# My stars disappeared before my eyes



## Uberingdude (May 29, 2017)

This morning I clicked on my ratings to see what it's at. It showed that I had 285 five stars. Suddenly the number change to 283 five stars.
Man! Only thing that makes sense is someone changed their rating in retaliation after seeing I gave them less than five stars.


----------



## Abraxas79 (Feb 7, 2016)

Keep after support for an explanation. They are suppose to bring more clarity to their bogus rating system.


----------



## UBERPROcolorado (Jul 16, 2017)

Got the answer. Per support it only occurs when a rating is changed by the rider. This rating battle is crazy and in my opinion a waste of time. I give all riders 5 stars unless the police get involved. That way I don't have to worry.


----------



## A T (Aug 3, 2016)

Uberingdude said:


> This morning I clicked on my ratings to see what it's at. It showed that I had 285 five stars. Suddenly the number change to 283 five stars.
> Man! Only thing that makes sense is someone changed their rating in retaliation after seeing I gave them less than five stars.
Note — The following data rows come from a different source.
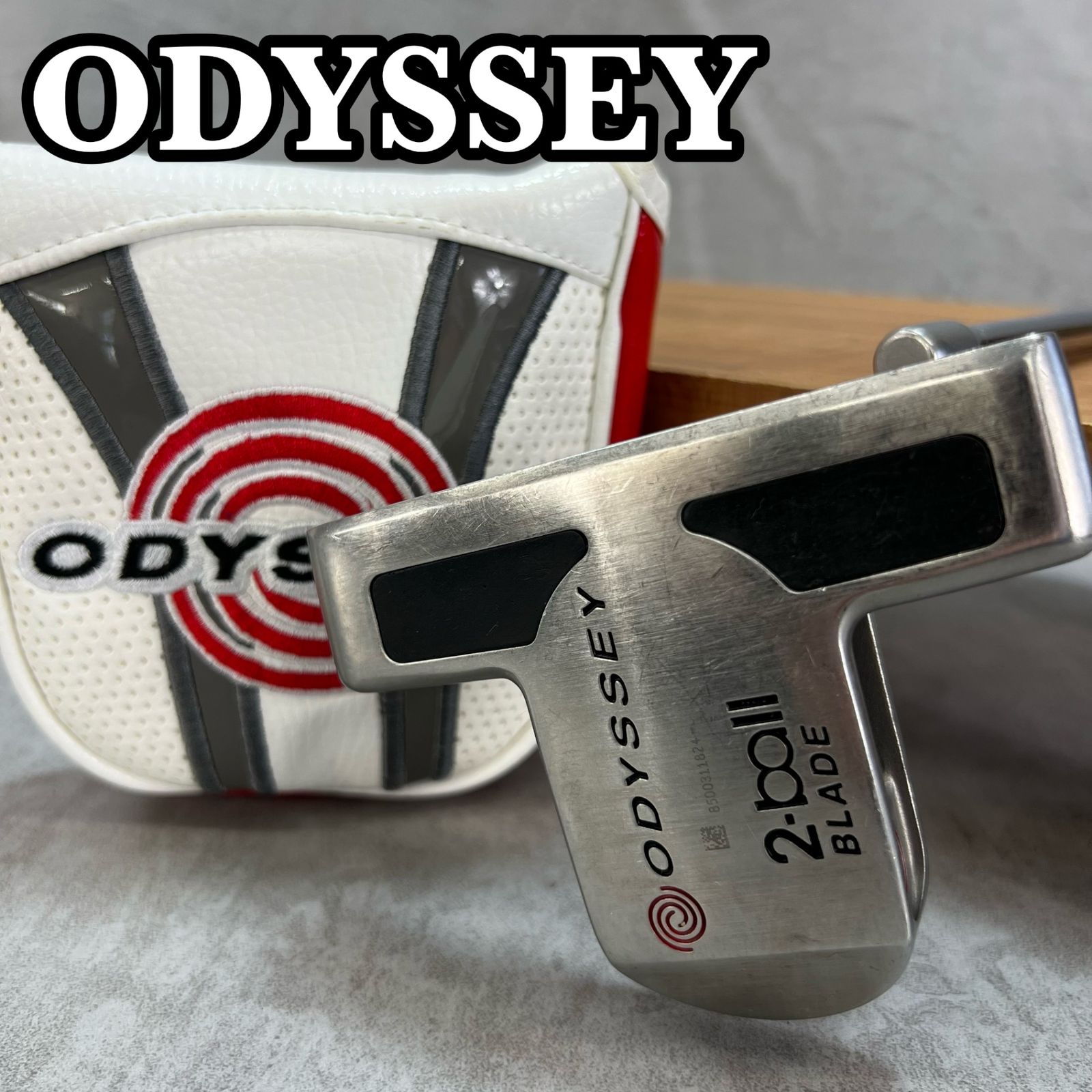ODYSSEY　オデッセイ　WHITE　HOT　2-ball　BLADE ホワイトホット　ボール　ブレード　メンズゴルフパター　スチール　右利き用　PT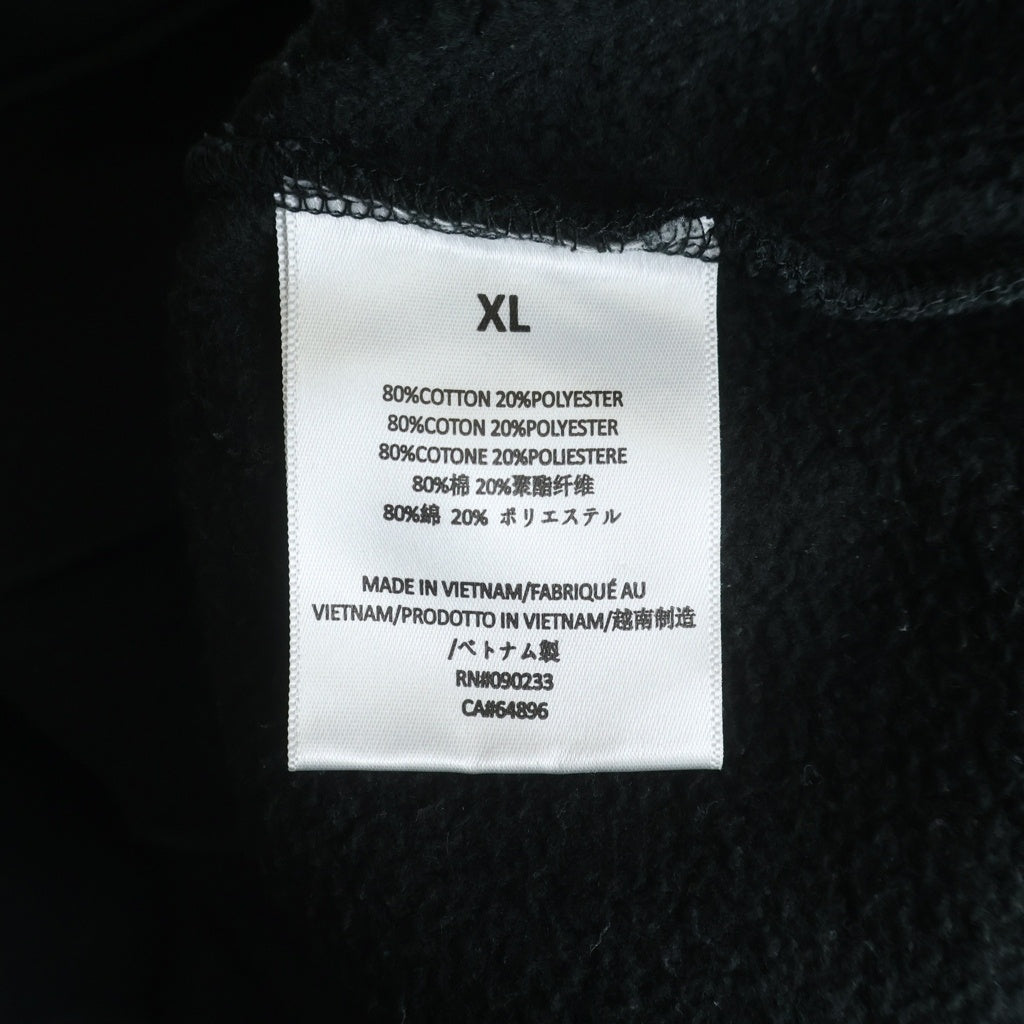FEAR OF GOD ESSENTIALS(フィアオブゴッド エッセンシャルズ) Felt Logo Sweatshirts フェルトロゴスウェットシャツ クルーネックスウェットトレーナー ウォッシュブラック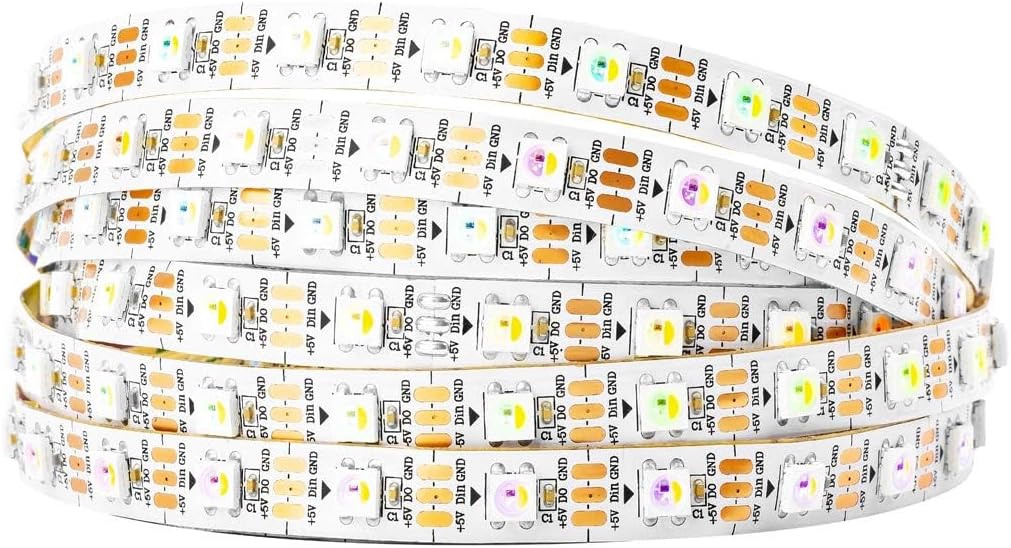 BTF-LIGHTING SK6812 RGBW LED Strip: Versatile 16.4ft Lighting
Give all passengers five stars in the beginning take notes on the passengers you want to give less than five stars 2 wait about 3 weeks then rewrite the passengers accordingly that's what I do haven't had any problems with ratings



Abraxas79 said:


> Keep after support for an explanation. They are suppose to bring more clarity to their bogus rating system.


What support? Stuff hasn't changed. Uber will stick by their bogus rating system till the day they get sued or go under?


----------



## Uberingdude (May 29, 2017)

A T said:


> Give all passengers five stars in the beginning take notes on the passengers you want to give less than five stars 2 wait about 3 weeks then rewrite the passengers accordingly that's what I do haven't had any problems with ratings
> 
> What support? Stuff hasn't changed. Uber will stick by their bogus rating system till the day they get sued or go under?


 how do I request to change ratings again?


----------